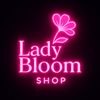 ladybloom_shop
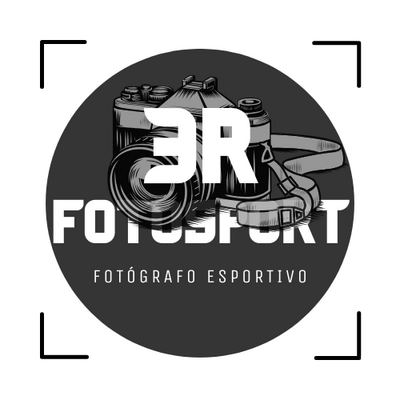 Paulo Rocha | @3rfotosport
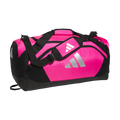adidas Team Issue II Medium Duffel-1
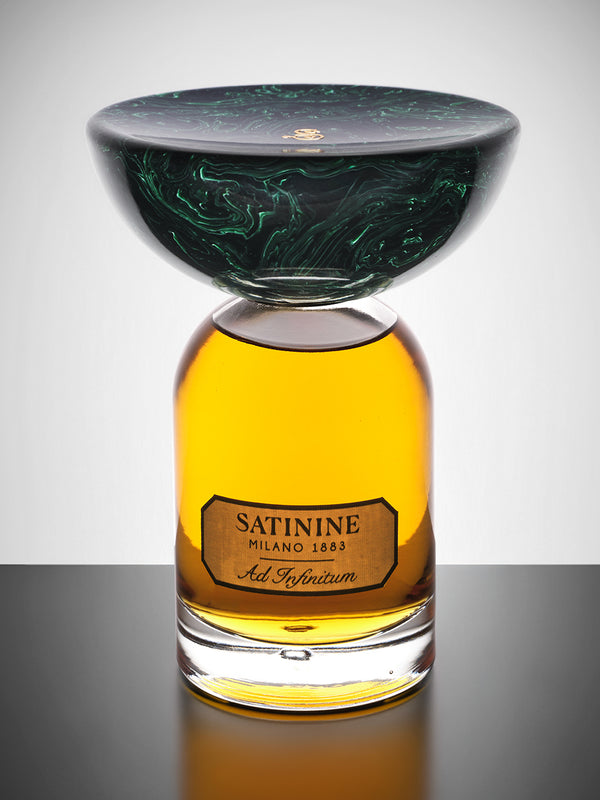 Ad Infinitum – 100ml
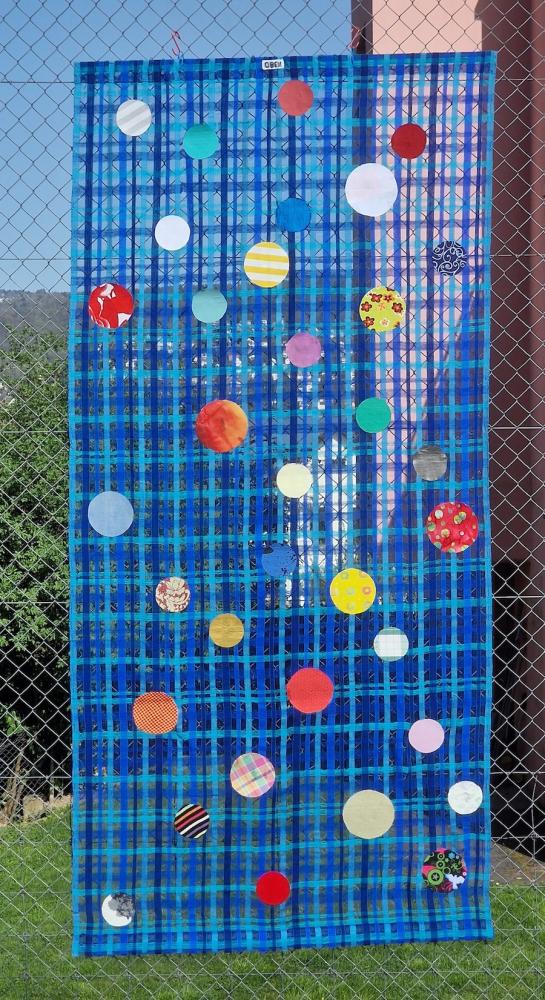 Panel2026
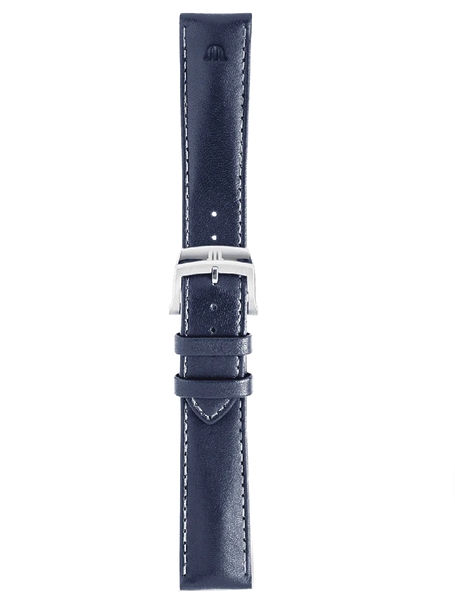 Maurice Lacroix 1975 751038-SS001-430-4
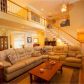 2004 Ector Court Nw, Kennesaw, GA 30152 ID:14848788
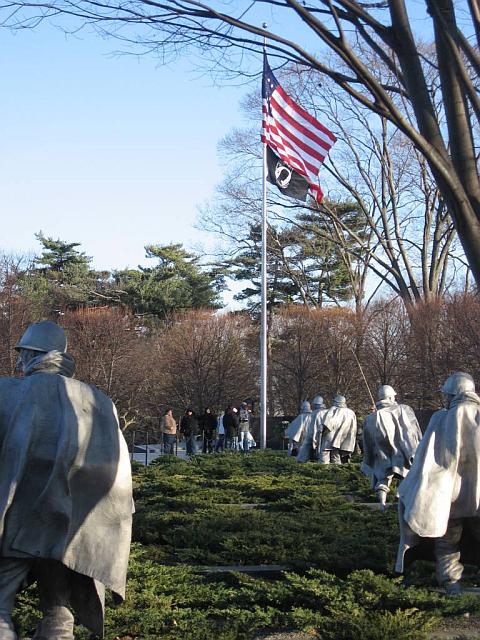 Inaug488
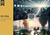 Artificial Intelligence in Marketing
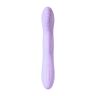 Vibrator SVAKOM Selena met Warmtefunctie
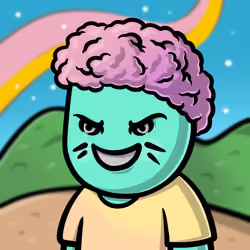 Coodle #7949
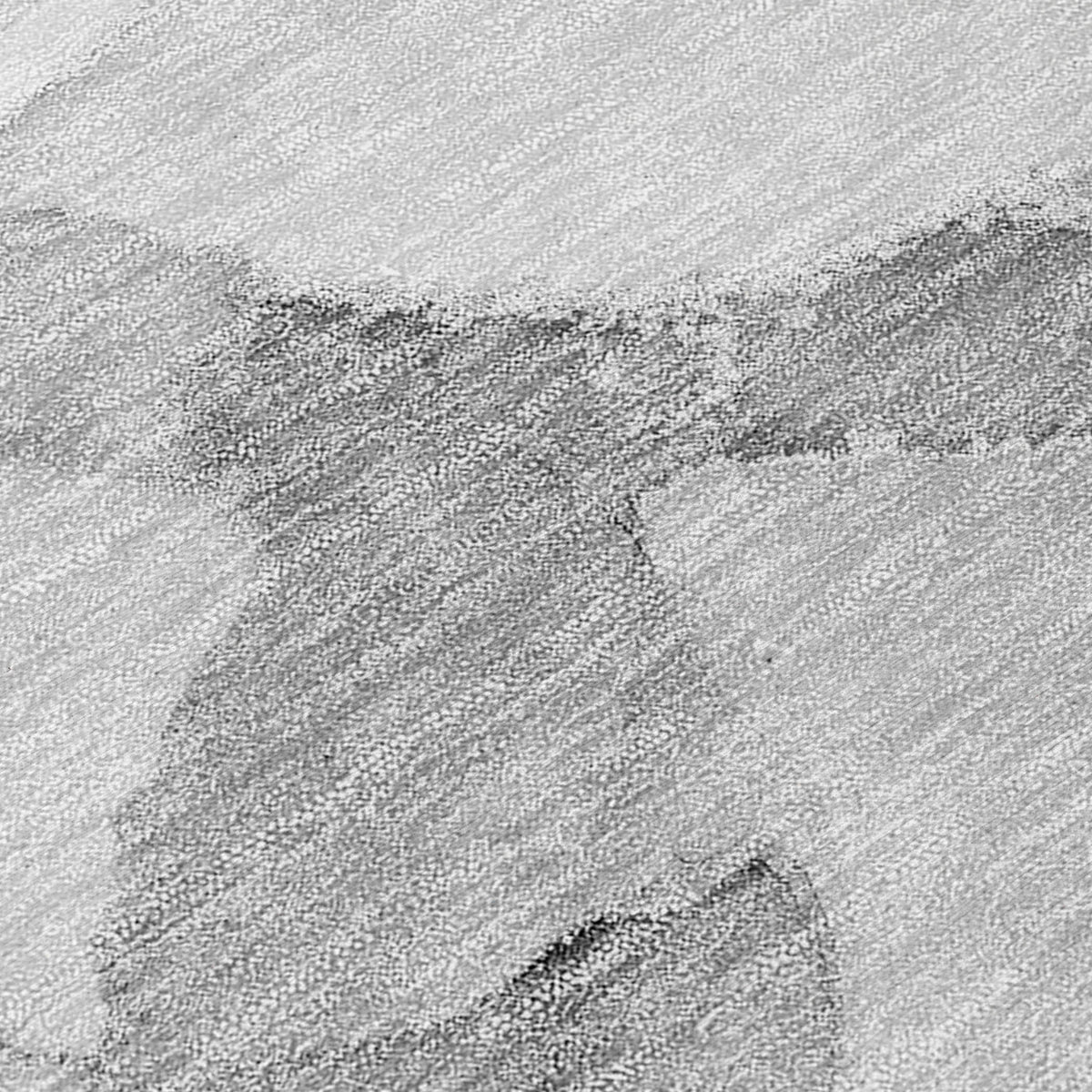 Chantille ACN517 Gray Rug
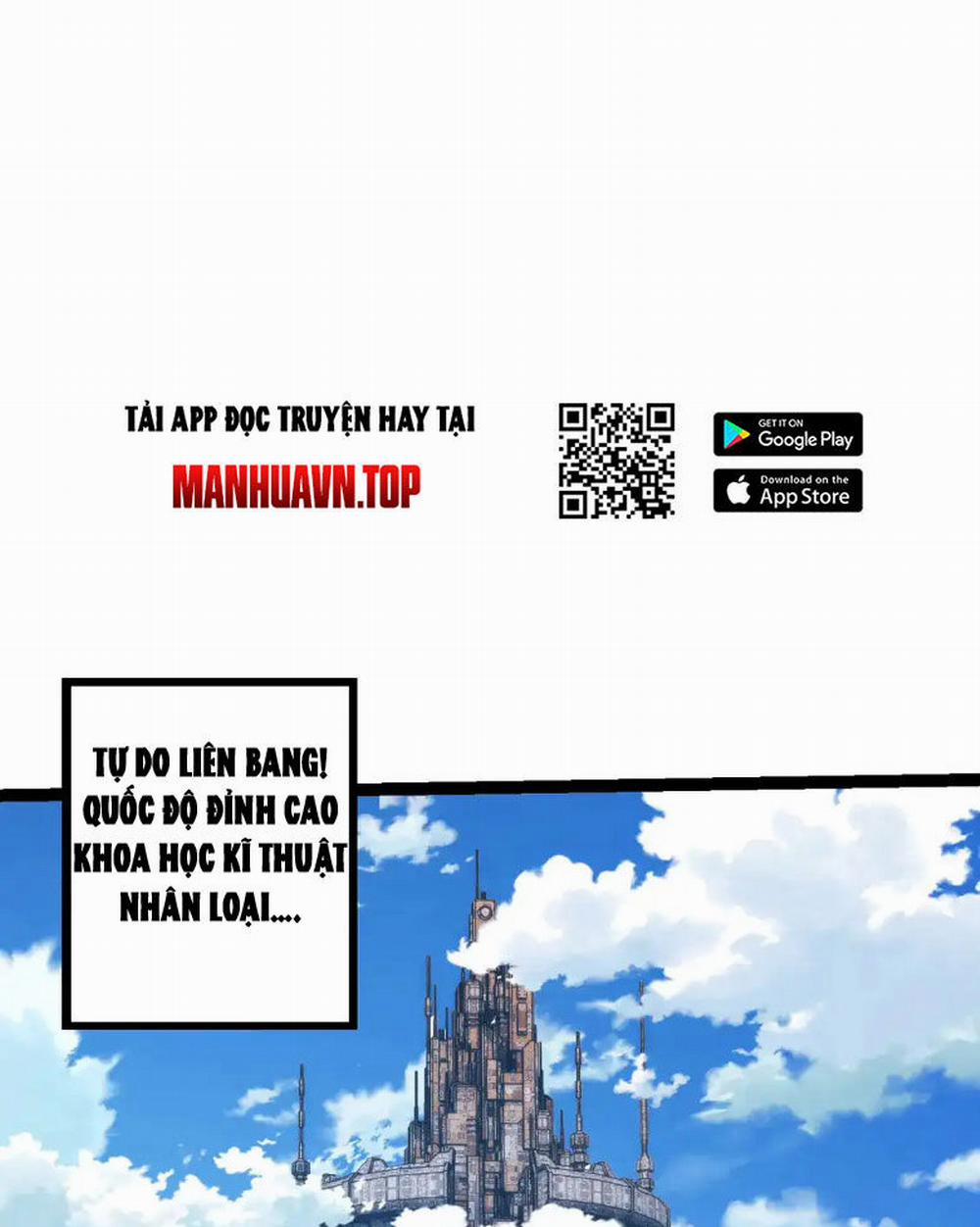 Chuyển Sinh Thành Liễu Đột Biến 197 trang 21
◇ ◇ ◇ ◇ ◇
The data above must be given back verbatim, minus its images.

### ANSWER FOR THE TASK
 ladybloom_shop
 Paulo Rocha | @3rfotosport
adidas Team Issue II Medium Duffel-1
 Ad Infinitum – 100ml
 Panel2026
 Maurice Lacroix 1975 751038-SS001-430-4
 2004 Ector Court Nw, Kennesaw, GA 30152 ID:14848788
 Inaug488
 Artificial Intelligence in Marketing
 Vibrator SVAKOM Selena met Warmtefunctie
 Coodle #7949
 Chantille ACN517 Gray Rug
 Chuyển Sinh Thành Liễu Đột Biến 197 trang 21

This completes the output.